October 15, 2013
A unique $8 million battery lab at the University of Michigan will enable industry and university researchers to collaborate on developing cheaper and longer lasting energy-storage devices in the heart of the U.S. auto industry.
Initial support for the lab includes $5 million from the Michigan Economic Development Corp., $2.1 million from Ford Motor Co. and roughly $900,000 from the College of Engineering. It will be housed at the U-M Energy Institute within the newly renovated Phoenix Memorial Laboratory — a project completed with $18 million in U-M funding.

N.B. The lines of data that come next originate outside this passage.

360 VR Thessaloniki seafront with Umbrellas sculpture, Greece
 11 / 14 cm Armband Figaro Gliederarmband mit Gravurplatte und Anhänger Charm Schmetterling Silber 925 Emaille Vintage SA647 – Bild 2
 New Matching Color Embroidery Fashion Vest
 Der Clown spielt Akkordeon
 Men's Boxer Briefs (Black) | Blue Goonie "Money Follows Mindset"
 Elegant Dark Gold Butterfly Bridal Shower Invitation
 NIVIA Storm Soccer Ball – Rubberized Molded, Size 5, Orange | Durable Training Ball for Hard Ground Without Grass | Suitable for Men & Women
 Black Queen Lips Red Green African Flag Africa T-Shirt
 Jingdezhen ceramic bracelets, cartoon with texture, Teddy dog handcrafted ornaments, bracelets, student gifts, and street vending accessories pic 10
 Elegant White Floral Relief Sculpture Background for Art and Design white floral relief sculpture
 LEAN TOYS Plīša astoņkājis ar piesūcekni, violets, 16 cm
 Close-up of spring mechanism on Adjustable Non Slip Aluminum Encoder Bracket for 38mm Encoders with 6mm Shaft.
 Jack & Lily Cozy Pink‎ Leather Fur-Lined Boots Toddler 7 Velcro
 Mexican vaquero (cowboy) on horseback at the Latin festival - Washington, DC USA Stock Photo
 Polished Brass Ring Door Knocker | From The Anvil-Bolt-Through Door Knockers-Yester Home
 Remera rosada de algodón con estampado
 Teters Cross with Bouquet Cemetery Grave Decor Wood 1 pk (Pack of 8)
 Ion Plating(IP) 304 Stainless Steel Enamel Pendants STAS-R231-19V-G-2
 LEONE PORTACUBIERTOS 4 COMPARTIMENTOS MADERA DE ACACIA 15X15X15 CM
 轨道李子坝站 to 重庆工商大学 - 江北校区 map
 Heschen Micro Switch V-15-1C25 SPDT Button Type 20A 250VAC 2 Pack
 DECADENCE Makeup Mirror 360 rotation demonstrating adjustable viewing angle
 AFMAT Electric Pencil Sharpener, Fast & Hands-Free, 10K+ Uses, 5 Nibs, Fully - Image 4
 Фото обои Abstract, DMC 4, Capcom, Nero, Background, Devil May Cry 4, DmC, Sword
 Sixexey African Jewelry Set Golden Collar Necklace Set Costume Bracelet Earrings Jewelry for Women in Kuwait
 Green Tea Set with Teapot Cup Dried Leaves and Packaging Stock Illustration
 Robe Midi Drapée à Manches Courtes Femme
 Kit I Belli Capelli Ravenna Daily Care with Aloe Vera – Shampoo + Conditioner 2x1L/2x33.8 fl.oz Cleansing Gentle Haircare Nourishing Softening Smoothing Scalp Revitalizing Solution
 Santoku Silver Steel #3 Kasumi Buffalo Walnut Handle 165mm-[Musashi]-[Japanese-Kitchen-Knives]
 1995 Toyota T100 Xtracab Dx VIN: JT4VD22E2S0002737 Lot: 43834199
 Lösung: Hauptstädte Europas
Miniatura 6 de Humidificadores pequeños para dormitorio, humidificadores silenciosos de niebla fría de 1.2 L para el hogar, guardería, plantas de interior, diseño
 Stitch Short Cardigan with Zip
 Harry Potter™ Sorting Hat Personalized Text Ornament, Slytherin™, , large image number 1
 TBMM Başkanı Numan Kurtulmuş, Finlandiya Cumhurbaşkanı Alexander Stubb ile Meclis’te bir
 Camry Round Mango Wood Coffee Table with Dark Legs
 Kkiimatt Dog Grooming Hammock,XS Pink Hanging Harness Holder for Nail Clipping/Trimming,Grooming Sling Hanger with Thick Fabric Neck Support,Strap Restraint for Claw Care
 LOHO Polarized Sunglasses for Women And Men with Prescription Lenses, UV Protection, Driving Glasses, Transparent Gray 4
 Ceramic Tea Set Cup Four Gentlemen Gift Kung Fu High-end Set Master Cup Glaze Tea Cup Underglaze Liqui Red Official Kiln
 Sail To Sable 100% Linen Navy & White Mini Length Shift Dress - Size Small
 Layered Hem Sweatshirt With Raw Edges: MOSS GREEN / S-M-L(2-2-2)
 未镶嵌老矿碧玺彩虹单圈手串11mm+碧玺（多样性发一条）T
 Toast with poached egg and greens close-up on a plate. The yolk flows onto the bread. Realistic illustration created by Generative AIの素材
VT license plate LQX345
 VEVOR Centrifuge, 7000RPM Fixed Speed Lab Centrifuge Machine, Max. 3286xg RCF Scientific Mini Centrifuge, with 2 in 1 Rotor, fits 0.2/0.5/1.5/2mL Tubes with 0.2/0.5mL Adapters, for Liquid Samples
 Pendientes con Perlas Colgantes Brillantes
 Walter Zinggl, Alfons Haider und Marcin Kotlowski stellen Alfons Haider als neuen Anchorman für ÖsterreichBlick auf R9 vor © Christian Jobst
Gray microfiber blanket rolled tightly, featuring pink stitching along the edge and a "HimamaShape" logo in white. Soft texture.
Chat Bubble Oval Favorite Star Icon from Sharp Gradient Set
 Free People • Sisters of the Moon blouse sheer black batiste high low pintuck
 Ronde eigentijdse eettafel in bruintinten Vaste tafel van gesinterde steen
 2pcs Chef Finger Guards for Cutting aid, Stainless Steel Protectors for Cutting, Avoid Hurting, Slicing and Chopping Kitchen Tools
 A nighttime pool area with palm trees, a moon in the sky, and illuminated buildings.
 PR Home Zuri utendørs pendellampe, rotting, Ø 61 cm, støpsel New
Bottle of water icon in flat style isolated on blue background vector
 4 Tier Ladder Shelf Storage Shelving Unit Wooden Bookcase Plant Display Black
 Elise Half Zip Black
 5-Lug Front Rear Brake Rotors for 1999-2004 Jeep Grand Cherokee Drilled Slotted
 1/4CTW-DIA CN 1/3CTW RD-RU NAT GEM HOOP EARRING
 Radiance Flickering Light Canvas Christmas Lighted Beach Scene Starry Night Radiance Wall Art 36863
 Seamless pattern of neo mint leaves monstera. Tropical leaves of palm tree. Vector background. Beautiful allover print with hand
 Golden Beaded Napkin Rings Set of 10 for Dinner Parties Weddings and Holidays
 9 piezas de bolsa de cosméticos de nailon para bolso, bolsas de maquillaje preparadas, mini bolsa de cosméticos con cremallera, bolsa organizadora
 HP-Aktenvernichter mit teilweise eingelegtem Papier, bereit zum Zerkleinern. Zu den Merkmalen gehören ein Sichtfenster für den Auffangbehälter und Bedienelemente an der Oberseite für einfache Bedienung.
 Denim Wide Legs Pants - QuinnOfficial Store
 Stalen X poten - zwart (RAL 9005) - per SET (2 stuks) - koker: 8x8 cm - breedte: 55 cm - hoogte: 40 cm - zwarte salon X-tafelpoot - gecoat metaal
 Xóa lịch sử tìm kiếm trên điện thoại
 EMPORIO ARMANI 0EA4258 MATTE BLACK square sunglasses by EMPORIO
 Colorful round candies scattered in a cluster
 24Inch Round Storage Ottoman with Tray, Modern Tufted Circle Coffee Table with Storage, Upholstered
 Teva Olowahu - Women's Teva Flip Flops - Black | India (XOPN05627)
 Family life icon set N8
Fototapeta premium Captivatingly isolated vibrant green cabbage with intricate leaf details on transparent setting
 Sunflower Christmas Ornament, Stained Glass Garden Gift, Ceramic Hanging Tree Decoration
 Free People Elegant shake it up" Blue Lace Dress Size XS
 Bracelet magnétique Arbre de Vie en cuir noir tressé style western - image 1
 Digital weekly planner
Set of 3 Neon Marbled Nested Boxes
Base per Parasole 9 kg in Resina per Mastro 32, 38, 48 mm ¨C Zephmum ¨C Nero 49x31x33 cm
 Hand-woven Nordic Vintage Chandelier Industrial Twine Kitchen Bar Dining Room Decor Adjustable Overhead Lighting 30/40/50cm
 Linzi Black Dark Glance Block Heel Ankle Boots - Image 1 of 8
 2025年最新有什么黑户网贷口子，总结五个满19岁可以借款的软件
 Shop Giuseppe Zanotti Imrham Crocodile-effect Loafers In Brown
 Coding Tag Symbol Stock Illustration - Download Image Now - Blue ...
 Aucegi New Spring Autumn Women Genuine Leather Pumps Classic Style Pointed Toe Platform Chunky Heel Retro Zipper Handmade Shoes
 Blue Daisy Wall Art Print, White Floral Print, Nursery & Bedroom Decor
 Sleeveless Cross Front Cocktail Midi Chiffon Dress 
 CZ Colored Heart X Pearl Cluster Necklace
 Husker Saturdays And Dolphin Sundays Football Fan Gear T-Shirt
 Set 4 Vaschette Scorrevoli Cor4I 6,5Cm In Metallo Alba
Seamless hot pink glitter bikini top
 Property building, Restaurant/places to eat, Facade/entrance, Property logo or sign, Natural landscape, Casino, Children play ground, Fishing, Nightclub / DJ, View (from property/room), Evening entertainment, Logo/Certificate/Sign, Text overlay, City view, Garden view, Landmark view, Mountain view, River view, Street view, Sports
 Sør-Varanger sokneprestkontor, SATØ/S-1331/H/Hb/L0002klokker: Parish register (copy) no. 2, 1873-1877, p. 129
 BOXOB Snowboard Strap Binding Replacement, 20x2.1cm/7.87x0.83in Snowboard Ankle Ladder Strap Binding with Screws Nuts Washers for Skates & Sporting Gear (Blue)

"This kind of collaboration is essential to addressing complex challenges like sustainable energy and efficient transportation. I want to thank our campus leaders, MEDC and Ford for having such a singular focus on developing solutions to such challenging energy issues," said President Mary Sue Coleman, who announced the lab at the dedication celebrating the renovation of the Phoenix Memorial Laboratory.
From left, U-M Energy Institute Director Mark Barteau, Regent Katherine White, President Mary Sue Coleman, Vice President for Research Stephen Forrest, and Ed Krause, global manager of external alliances at Ford Motor Co, cut the ceremonial ribbon to reopen the Phoenix Memorial Laboratory. Photo by Jospeh Xu, College of Engineering.
The new facility — for prototyping, testing and analyzing batteries and the materials that go into them — promises to be a key enabler for Southeast Michigan's battery supply chain. It will bring together materials scientists and engineers, as well as suppliers and manufacturers, to ease a bottleneck in battery development near the nation's automotive capital.
"Michigan is the home and leader of the global automotive industry including the development of advanced powertrain technologies. The battery prototyping facility at the Energy Institute will be a valuable resource for our automotive industry going forward," said Nigel Francis, MEDC senior vice president, automotive, and senior automotive adviser to Gov. Rick Snyder.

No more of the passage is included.